Data terakhir menunjukkan bahwa jumlah penduduk di Wilayah Kerja Puskesmas Kalumpang sekira 3,4 ribu jiwa dan peserta JKN (BPJS) yang terdaftar di Puskesmas Kalumpang sekitar 2.990 jiwa. Bandingkan dengan standar ideal satu Puskesmas untuk 30.000 penduduk. Kecamatan Kalumpang memang memiliki tiga puskesmas Kalumpang, Karataun, dan Karama, ini menjelaskan rasio kecil tersebut. Bisa jadi pendekatan layanan dekat ke masyarakat lebih diprioritaskan ketimbang rasionalisasi jumlah penduduk.
Namun, tetap saja, kecilnya cakupan juga berarti tantangan keberlanjutan dan efisiensi layanan.

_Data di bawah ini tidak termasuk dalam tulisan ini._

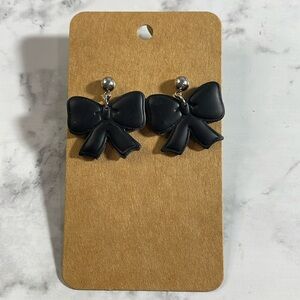 Handcrafted Black Bow Ball Post Dangle Earrings with Butterfly Backs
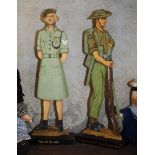 Toys of WW2 military interest, male and female two dimensional wooden cut out figures in uniform -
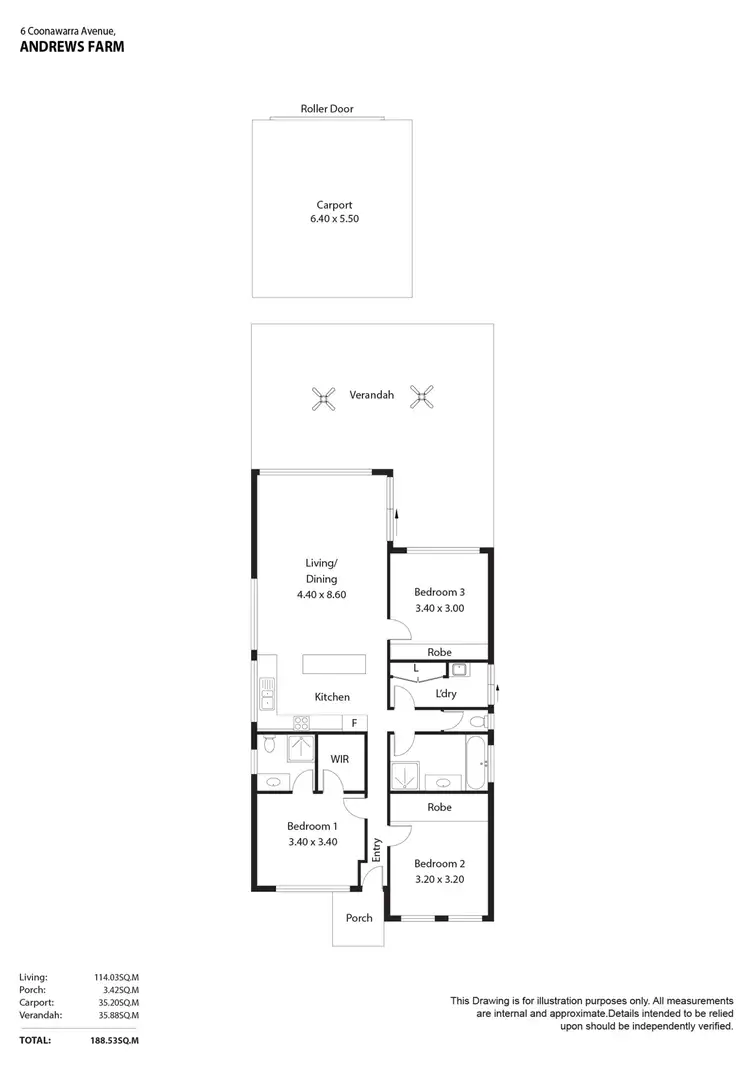 Floorplan of Homely house listing, 6 Coonawarra Avenue, Andrews Farm SA 5114
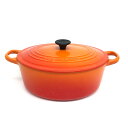 LE CREUSET ルクルーゼ ココットオーバル 両手鍋 25cm オレンジ ココットオーバル 調 ...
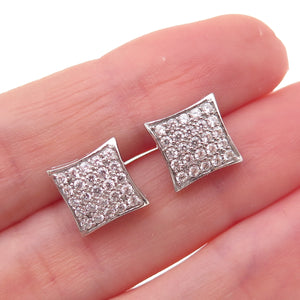 925 Sterling Silver Round-Cut C Z Stud Earrings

Butuh strategi kolaboratif, terutama dari Dinas Kesehatan Kabupaten dan Provinsi, agar fasilitas kesehatan seperti ini tak tergerus di tengah arus transformasi yang kian cepat.
Tapi Kalumpang bukan hanya soal puskesmas dan jalan berlubang. Di balik lereng-lereng dan sungai yang kini sudah dijembatani, ada cerita tua yang tak banyak orang tahu.
Inilah tanah di mana diyakini bahwa bangsa Austronesia yang jejaknya menyebar dari Madagaskar hingga Hawaii pertama kali menginjakkan kaki di nusantara. Di sini, komunitas adat Tana Lotong masih hidup, menjaga tradisi, menjaga cerita. Situs-situs arkeologi berumur hingga 3.600 tahun sebelum masehi tersebar di berbagai titik. Di balik hening dan terpencilnya Kalumpang, berdiri sejarah yang jauh lebih tua dari banyak kota besar di negeri ini.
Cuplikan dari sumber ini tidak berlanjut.